Submit a claim now to be a part of or excluded from a class-action lawsuit that accuses EA of having a monopoly in exclusive licensing agreements with the NFL, NCAA and AFL

If you bought a new video game in the “Madden NFL,” “NCAA Football,” or “Arena Football” series for your Xbox, Xbox 360, PS2, PS3, GameCube, Wii or PC — between Jan. 1, 2005 and June 21, 2012 — you could be entitled to some money from Electronic Arts.

A class action lawsuit against Electronic Arts filed in the U.S. Federal District Court for the Northern District of California will soon be settled, and U.S. consumers who purchased any games in these series are affected by it.

If settled, Electronic Arts would have to pay $27 million into a fund for settlement class members.

The gist of the lawsuit: EA has allegedly created a monopoly by signing exclusive licensing agreements to make games for the NFL, NCAA and Arena football leagues and their players’ unions.

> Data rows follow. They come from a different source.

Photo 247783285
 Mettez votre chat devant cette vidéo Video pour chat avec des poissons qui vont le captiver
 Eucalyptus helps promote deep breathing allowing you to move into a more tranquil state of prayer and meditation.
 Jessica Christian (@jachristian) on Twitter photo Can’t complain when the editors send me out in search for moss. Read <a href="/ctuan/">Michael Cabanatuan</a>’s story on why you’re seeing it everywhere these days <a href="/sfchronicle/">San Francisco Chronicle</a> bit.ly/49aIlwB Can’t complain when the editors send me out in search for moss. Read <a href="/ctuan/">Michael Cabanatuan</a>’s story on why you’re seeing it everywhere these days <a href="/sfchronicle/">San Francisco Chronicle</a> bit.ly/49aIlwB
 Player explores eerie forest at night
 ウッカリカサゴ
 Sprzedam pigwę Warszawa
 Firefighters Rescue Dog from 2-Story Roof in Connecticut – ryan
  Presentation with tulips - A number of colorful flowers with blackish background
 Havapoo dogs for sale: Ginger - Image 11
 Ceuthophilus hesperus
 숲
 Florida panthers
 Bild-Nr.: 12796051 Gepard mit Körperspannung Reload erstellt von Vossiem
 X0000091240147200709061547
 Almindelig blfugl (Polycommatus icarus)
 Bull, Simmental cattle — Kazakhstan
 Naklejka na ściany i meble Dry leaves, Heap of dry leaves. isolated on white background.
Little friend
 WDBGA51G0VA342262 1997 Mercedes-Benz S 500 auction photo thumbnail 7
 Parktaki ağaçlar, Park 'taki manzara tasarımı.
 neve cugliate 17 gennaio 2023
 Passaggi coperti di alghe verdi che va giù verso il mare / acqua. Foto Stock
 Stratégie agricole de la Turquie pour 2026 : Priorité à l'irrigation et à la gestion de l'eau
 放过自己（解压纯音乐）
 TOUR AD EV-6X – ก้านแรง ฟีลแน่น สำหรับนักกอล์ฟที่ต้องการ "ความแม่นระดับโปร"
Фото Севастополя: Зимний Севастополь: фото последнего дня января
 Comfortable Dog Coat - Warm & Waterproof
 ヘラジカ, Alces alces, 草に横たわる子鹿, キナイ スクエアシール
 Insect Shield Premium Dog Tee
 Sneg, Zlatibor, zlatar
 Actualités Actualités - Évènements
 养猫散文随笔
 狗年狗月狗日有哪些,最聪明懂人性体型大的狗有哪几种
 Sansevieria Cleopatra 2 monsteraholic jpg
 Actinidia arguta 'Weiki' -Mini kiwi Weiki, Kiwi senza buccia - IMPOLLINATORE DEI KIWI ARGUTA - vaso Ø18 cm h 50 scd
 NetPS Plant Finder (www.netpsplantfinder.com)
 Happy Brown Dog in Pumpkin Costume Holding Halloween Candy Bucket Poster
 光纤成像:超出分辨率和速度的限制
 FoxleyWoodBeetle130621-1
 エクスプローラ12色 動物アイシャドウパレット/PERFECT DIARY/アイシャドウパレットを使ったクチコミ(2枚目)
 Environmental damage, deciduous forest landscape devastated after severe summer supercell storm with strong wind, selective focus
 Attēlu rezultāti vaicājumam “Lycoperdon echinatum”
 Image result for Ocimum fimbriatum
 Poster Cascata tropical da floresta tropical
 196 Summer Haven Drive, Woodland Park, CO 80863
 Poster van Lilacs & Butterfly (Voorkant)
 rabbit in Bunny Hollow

The agreements do not allow anyone else in the world to make games like EA, according to the suit. Furthermore, the lawsuit claims EA, through its agreements, has been allowed to charge higher prices than it would in a competitive environment.

According to the lawsuit, customers of Electronic Arts Inc. have filed the suit alleging EA violated rights under federal and California law.

EA has denied any liability and all allegations of misconduct, according to the suit. The court has not made a decision on the claims, but customers can make a choice to be compensated now.

Here are your legal rights and options as a consumer:

STAY IN THE LAWSUIT AND SUBMIT A CLAIM

Consumers can submit a claim form by March 5, 2013.

By submitting a claim, the consumer stays in the lawsuit and awaits the outcome, according to the lawsuit.

The consumer keeps the possibility of getting money or benefits that may come from the court-approved settlement.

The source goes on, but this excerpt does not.